◆ ASSIGNED TASK
Write each line exactly as it stands, from the line containing "000 COUNTY ROAD 2196, Alpine, AZ 85920" through the end of the data.

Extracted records

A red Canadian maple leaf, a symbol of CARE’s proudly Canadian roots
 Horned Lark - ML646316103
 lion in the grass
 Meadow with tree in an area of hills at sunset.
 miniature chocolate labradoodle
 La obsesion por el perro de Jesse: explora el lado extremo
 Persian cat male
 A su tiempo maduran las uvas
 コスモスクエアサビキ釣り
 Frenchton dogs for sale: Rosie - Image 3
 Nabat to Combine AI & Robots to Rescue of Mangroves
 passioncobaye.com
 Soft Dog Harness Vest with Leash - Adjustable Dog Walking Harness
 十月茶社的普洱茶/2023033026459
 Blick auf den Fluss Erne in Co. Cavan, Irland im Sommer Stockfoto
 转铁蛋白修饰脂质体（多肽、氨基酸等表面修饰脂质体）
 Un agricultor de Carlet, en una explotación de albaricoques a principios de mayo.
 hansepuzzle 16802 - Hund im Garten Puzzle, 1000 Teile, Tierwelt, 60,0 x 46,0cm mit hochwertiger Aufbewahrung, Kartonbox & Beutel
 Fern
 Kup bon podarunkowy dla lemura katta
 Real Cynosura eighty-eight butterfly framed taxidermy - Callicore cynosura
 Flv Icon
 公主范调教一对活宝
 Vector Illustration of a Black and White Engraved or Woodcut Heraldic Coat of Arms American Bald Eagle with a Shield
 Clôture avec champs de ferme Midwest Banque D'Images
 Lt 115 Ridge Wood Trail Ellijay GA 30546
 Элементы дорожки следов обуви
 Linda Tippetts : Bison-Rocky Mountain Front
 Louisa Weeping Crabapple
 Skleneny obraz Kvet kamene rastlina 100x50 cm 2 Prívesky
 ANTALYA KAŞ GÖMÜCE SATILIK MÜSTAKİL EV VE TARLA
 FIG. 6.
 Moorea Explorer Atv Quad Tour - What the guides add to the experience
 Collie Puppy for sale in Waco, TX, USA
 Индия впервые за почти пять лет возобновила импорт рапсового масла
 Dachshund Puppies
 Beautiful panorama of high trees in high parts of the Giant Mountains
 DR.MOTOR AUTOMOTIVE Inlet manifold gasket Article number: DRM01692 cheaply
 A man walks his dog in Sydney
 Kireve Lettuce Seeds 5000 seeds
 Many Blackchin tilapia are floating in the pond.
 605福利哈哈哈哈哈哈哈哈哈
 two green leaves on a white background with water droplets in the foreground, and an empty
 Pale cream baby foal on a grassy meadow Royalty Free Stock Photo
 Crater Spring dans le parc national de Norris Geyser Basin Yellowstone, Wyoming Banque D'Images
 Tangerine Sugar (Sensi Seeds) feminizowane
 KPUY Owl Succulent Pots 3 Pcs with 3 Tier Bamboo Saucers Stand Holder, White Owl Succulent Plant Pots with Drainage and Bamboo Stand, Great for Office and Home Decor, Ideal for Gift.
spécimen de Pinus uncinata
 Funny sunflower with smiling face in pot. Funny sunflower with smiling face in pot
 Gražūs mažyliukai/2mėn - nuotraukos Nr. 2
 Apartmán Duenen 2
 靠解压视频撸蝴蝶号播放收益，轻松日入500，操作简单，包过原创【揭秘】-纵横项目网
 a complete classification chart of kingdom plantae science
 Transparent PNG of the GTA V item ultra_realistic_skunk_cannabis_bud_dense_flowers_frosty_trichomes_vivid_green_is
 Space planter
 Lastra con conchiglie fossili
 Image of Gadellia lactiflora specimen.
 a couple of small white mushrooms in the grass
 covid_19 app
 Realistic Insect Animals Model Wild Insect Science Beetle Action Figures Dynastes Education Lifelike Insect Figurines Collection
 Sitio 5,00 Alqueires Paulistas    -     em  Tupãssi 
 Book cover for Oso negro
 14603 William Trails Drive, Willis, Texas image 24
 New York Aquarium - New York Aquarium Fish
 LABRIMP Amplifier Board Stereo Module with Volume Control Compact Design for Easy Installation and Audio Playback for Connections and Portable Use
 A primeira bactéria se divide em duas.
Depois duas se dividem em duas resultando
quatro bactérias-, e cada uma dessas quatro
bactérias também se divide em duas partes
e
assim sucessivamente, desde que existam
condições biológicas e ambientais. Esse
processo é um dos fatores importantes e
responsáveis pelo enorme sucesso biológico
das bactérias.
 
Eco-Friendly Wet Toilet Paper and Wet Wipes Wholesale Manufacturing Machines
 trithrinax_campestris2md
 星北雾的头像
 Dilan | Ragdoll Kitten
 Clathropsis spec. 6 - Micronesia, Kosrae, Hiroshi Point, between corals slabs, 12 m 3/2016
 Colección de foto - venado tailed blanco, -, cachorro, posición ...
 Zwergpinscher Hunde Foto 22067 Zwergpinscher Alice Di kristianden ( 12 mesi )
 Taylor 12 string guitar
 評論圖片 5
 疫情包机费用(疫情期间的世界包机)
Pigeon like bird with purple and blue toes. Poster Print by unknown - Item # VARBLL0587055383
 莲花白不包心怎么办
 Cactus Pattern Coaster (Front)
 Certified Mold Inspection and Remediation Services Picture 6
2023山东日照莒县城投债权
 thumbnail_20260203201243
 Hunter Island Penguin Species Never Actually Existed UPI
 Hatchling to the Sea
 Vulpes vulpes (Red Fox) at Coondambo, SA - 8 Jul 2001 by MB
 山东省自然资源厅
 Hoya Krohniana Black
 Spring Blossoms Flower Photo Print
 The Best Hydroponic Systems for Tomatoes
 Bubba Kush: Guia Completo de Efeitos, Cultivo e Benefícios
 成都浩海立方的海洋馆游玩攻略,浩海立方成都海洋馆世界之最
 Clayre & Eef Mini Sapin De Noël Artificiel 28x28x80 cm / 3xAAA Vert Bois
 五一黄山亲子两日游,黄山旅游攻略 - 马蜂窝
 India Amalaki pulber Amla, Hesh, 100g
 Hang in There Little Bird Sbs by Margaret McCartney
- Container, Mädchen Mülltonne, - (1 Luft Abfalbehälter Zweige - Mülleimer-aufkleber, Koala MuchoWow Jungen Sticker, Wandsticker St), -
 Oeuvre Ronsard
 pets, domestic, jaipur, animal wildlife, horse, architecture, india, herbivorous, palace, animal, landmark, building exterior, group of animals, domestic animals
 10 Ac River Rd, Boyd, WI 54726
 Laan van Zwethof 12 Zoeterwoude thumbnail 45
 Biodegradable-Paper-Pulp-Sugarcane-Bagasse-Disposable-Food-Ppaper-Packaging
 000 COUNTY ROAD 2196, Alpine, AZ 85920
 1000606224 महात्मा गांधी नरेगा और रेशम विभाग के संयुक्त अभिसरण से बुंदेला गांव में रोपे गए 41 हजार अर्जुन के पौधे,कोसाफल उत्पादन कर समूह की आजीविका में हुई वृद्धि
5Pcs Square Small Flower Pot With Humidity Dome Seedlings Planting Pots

◆ RESULT BELOW
 000 COUNTY ROAD 2196, Alpine, AZ 85920
 1000606224 महात्मा गांधी नरेगा और रेशम विभाग के संयुक्त अभिसरण से बुंदेला गांव में रोपे गए 41 हजार अर्जुन के पौधे,कोसाफल उत्पादन कर समूह की आजीविका में हुई वृद्धि
5Pcs Square Small Flower Pot With Humidity Dome Seedlings Planting Pots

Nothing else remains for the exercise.